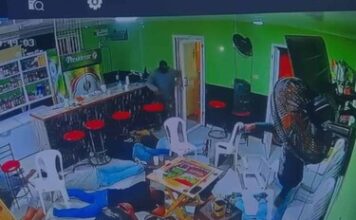 Encapuchados asaltan a clientes mientras jugaban dominó en un colmado en Navarrete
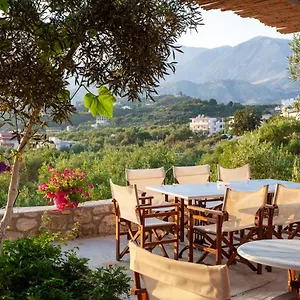 Toni Retzo Hotel Himare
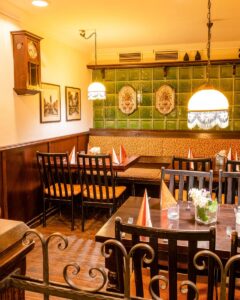 gasthaus mutter hoppe gastraum mit holzmobiliar und kachelofen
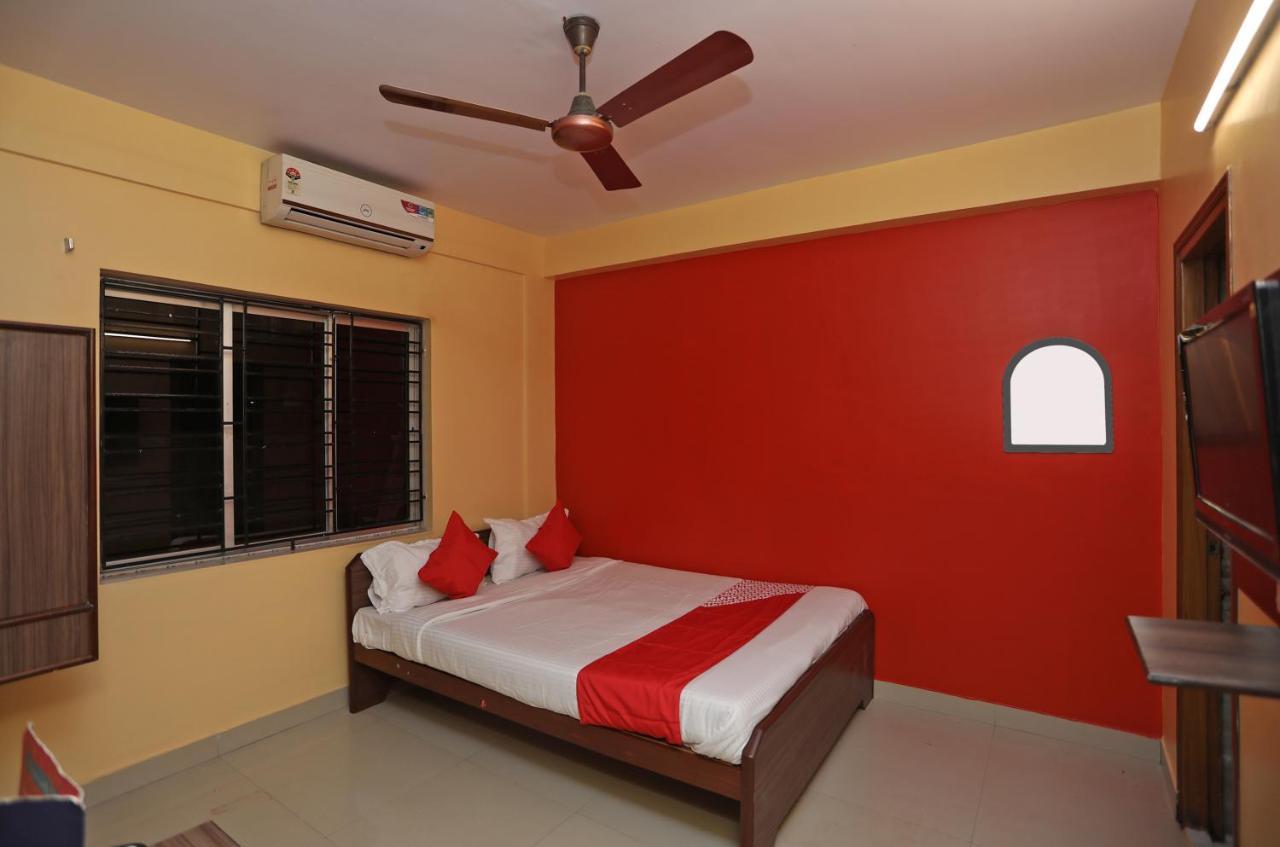 Oyo 14818 Sudarshan Apartment Колката Екстер'єр фото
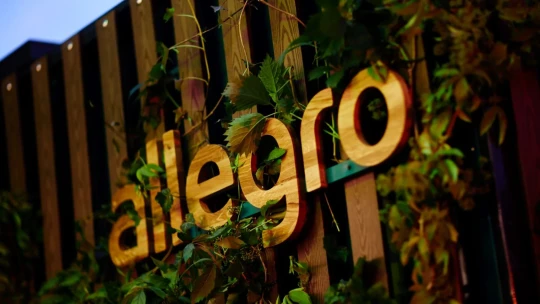 Zmizely desítky milionů produktů. Allegro chce jít jinou cestou než Temu a Shein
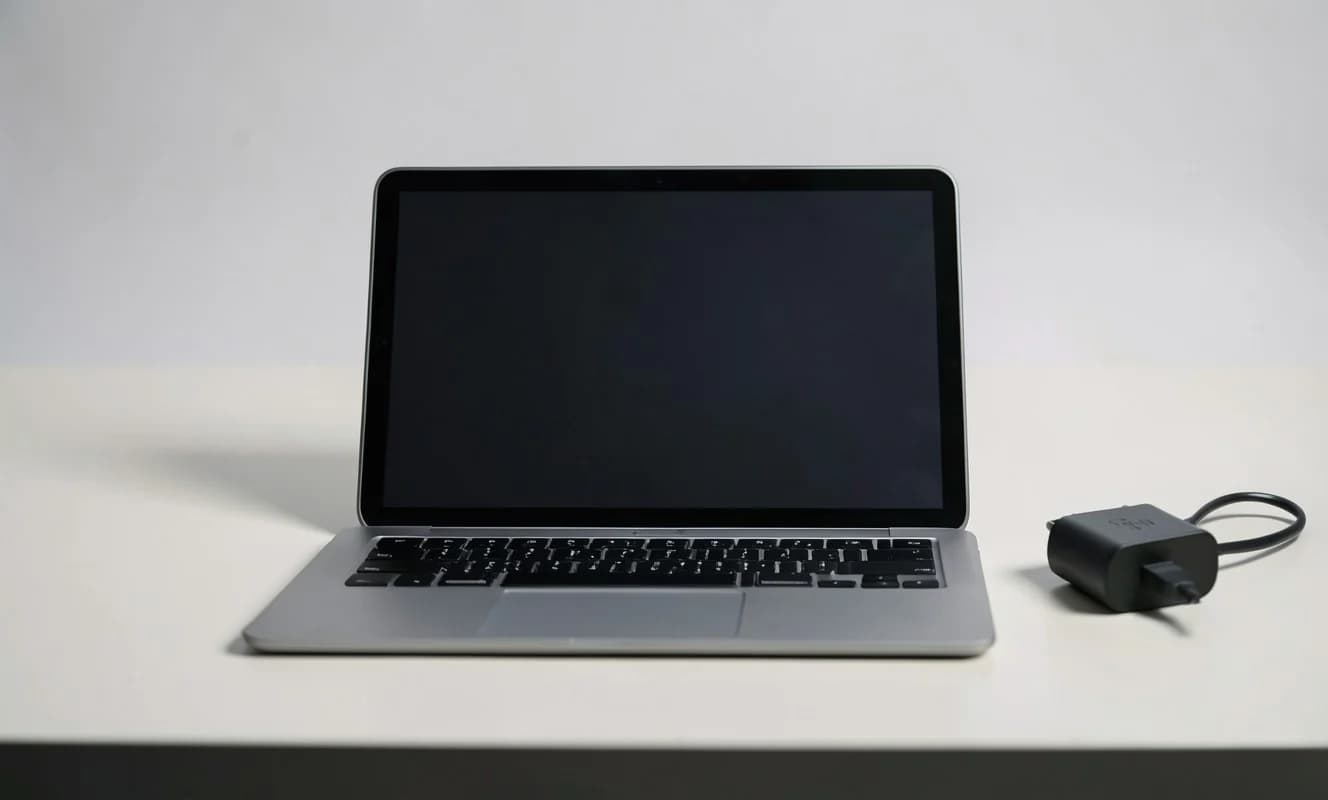 HP OmniBook X Flip 2-in-1 OLED laptop 699ドルに値下げ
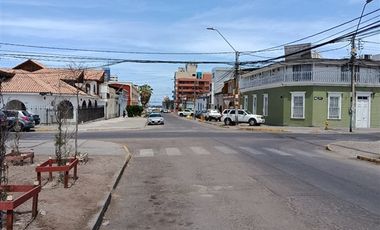 Casa en Venta en Esquina calle Vivar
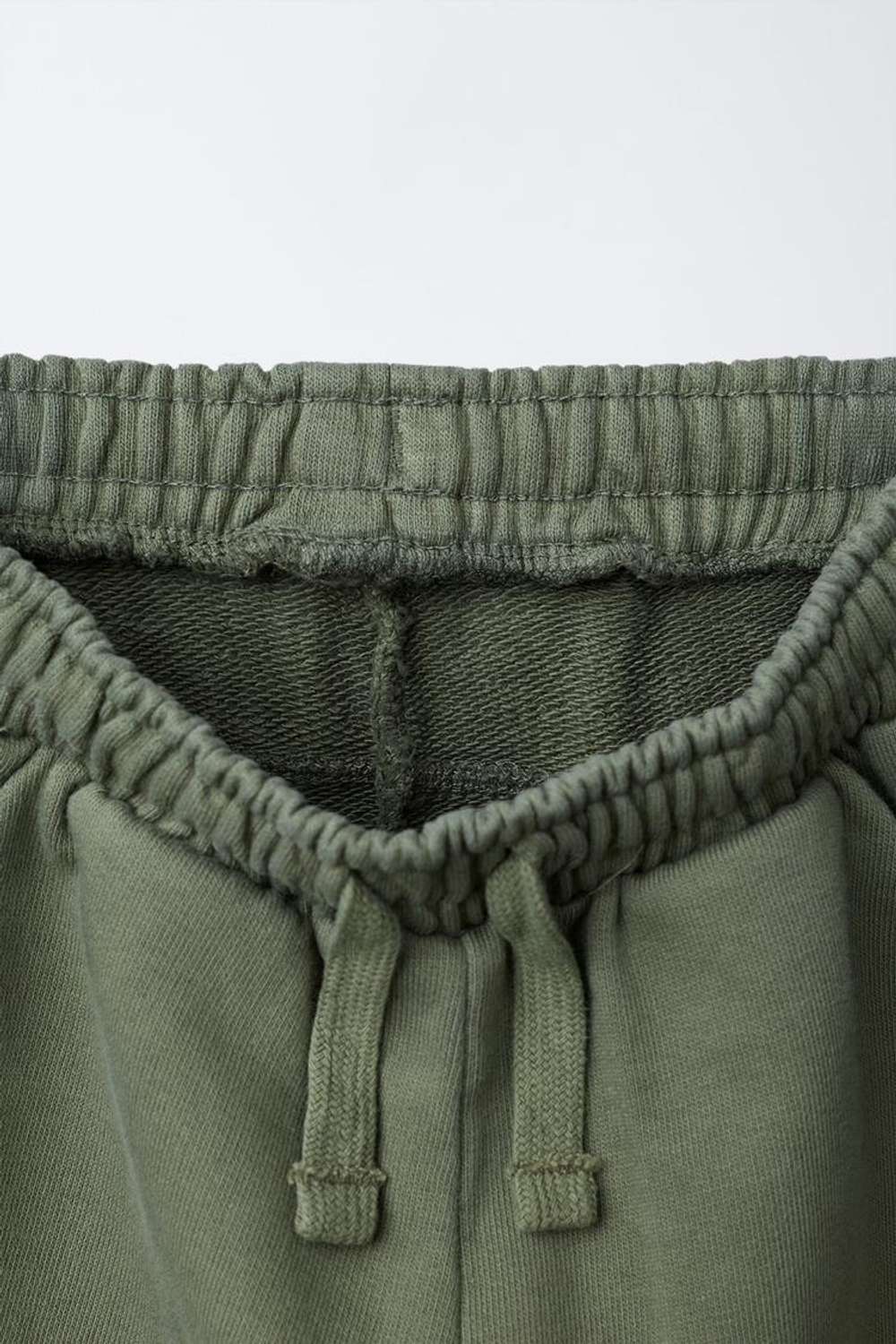 ZARA БРЮКИ ПРЯМОГО КРОЯ ИЗ МЯГКОЙ ТКАНИ С ЛОГОТИПОМ, ХАКИ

# What you need to do
Reproduce exactly, with nothing added, the lines from the line with "HP OmniBook X" through the end of the entries above; pictures are to be left out.

# Response to the task
 HP OmniBook X Flip 2-in-1 OLED laptop 699ドルに値下げ
 Casa en Venta en Esquina calle Vivar
 ZARA БРЮКИ ПРЯМОГО КРОЯ ИЗ МЯГКОЙ ТКАНИ С ЛОГОТИПОМ, ХАКИ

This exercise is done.